This is the third part of a series of posts analyzing the swing state Ohio. The last part can be found here.
Like most states, Ohio contains several swing areas. Some lean Democratic; others lean Republican. A good politician will usually pick up most of these regions on his or her way to victory.
The following map provides a sense of swing Ohio.
Providing balance, the map encompasses two solid Democratic victories and two solid Republican victories. Bearing this in mind, one can readily make out the structural “7” of Ohio politics. Absent three counties, swing Ohio roughly encompasses the outer edges of Ohio’s northern and eastern borders, creating a shape that resembles the number “7.” Strong Democrats win these swing counties and fatten the “7.” Strong Republicans do the inverse.
Let’s look again at Bill Clinton’s 1996 victory.
As noted previously, Clinton is creating a fat “7” in his re-election.
There are several other things that should be observed about Clinton’s victory with regard to swing Ohio. At the bottom of the state, Clinton is winning a group of thinly populated, Appalachian counties. One of these counties is Athens County, home to Ohio State University; it is reliably liberal due to the college. The rest lean Republican. A strong traditional Democrat can and often will win southeast Ohio; if this happens, his Republican opponent is probably going down to defeat.
Bill Clinton is also winning three counties surrounded by red. One of these – Dayton – is the Democratic equivalent of southeast Ohio: it leans Democratic but will occasionally turn up on the other side. In that case the Republican will soon be receiving a concession call.
The other two counties are moving in opposite directions. In Clinton’s day, Clark County – Springfield – and Columbus were two cities squarely in Ohio’s swing category. Since then, however, Springfield has been drifting right: Gore won the county, Kerry and Obama lost it. Meanwhile, Columbus has been doing a hard swing left, so that neither it nor Springfield are swing regions anymore.
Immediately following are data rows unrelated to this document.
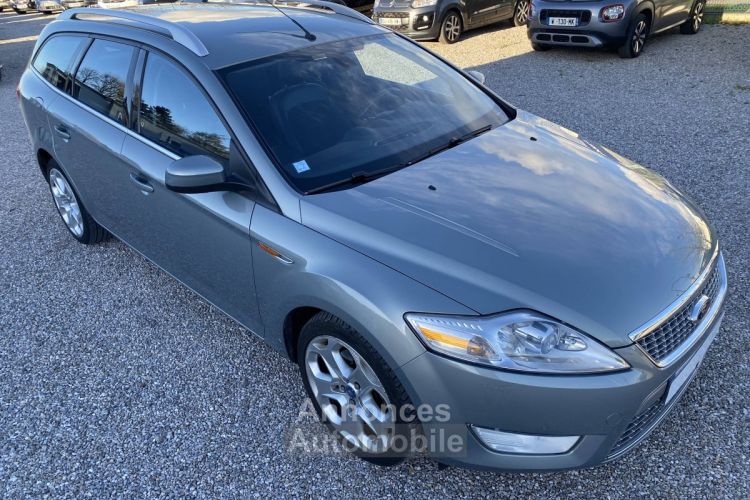 Ford Mondeo III 1.8 TDCi 125ch Titanium 5p - <small></small> 6.000 € <small>TTC</small> - #9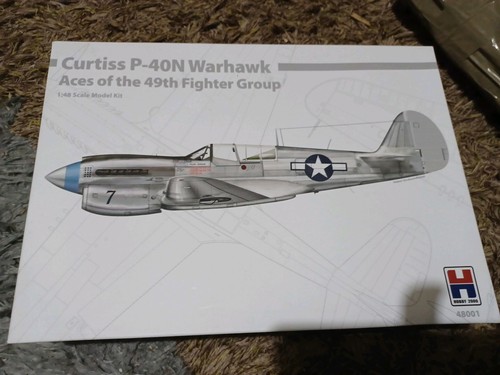 Hobby 2000 curtiss - 2000, 1/48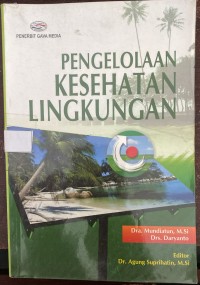 Image of Pengelolaan Kesehatan Lingkungan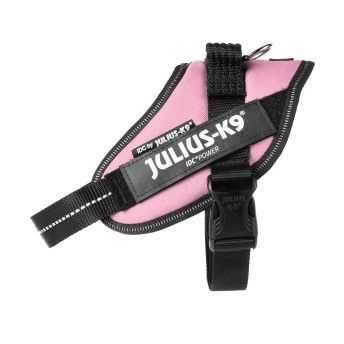 PEITORAL JULIUS K9 MINI ROSA PEITORAL JULIUS K9 MINI ROSA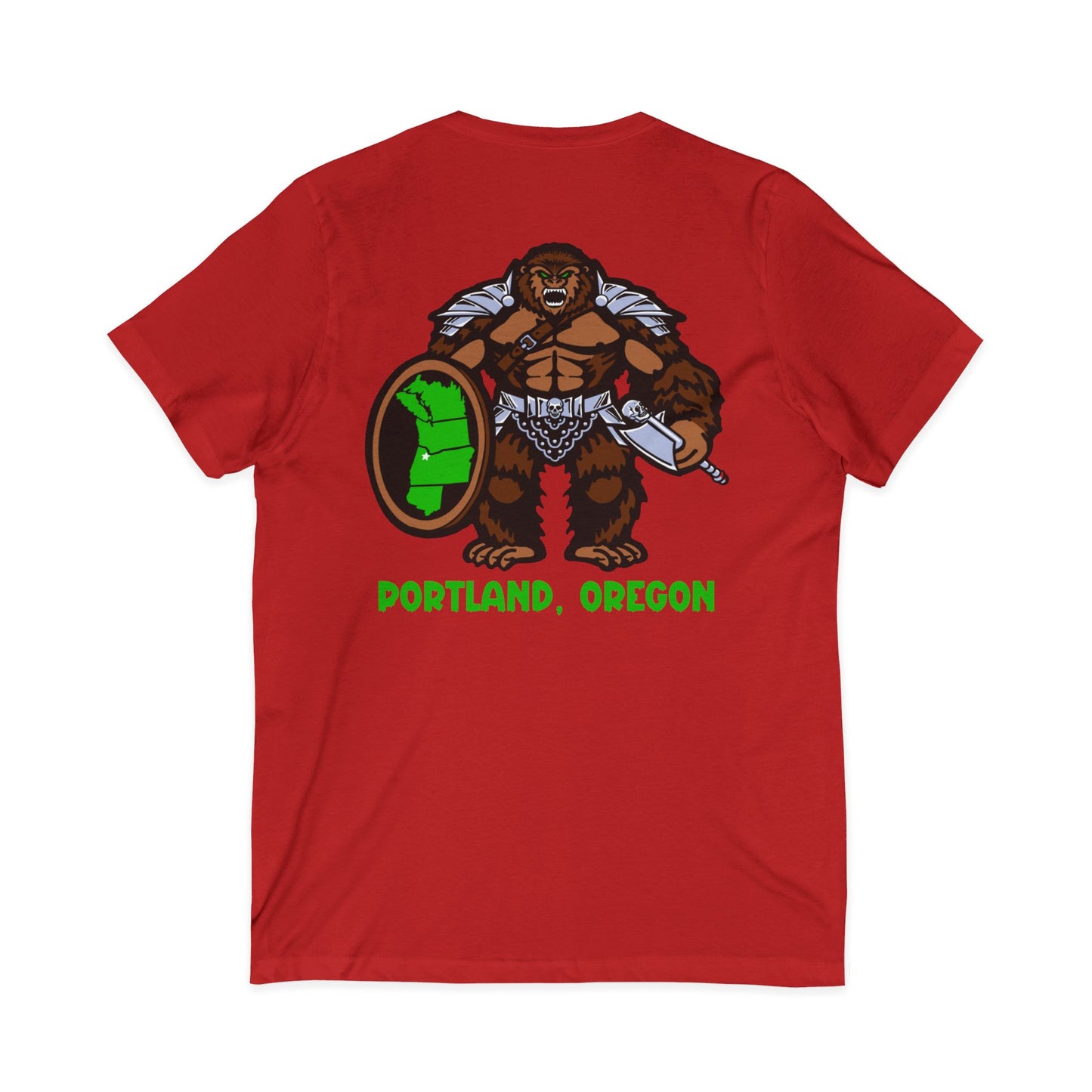 Pacific Northwest Meetup 2026 | Mythic Legions | Fan Art | V-Neck T-Shirt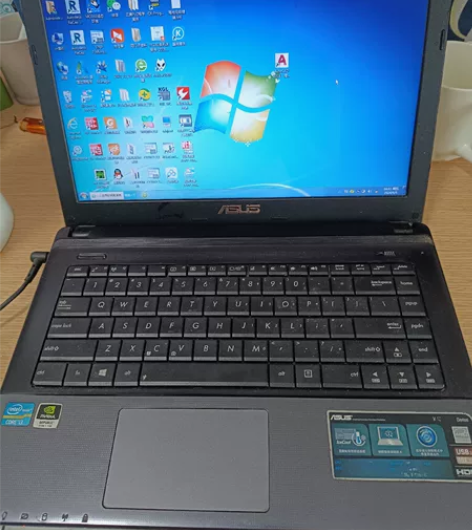 个人闲置华硕笔记本一台，升级10G内存，金...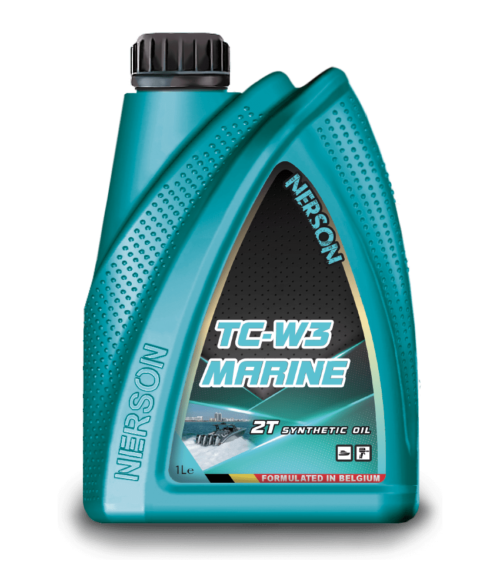 Масло моторное Nerson TC-W3 Marine Synthetic 2T API TC (1 л.)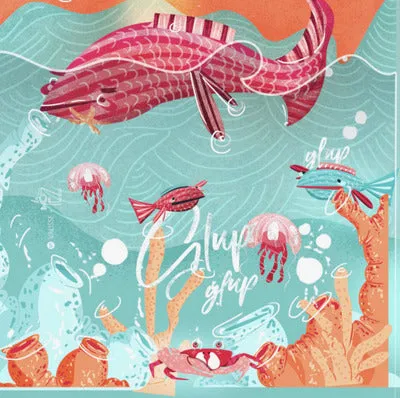 glu glu handkerchief sold by Folklore Shop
Finally, one may note that many places I define as “swing” are colored light red, rather than purple in the first map. This was because of Barack Obama’s peculiar performance in Ohio. The president won the state with an unconventional coalition: he lost much of swing Ohio and made up for it by performing extremely well in Columbus, Cincinnati, and northern Ohio. Whether this coalition was unique to 2008 or foreshadows a structural shift in Ohio is unknown. Personally, I prefer the former explanation.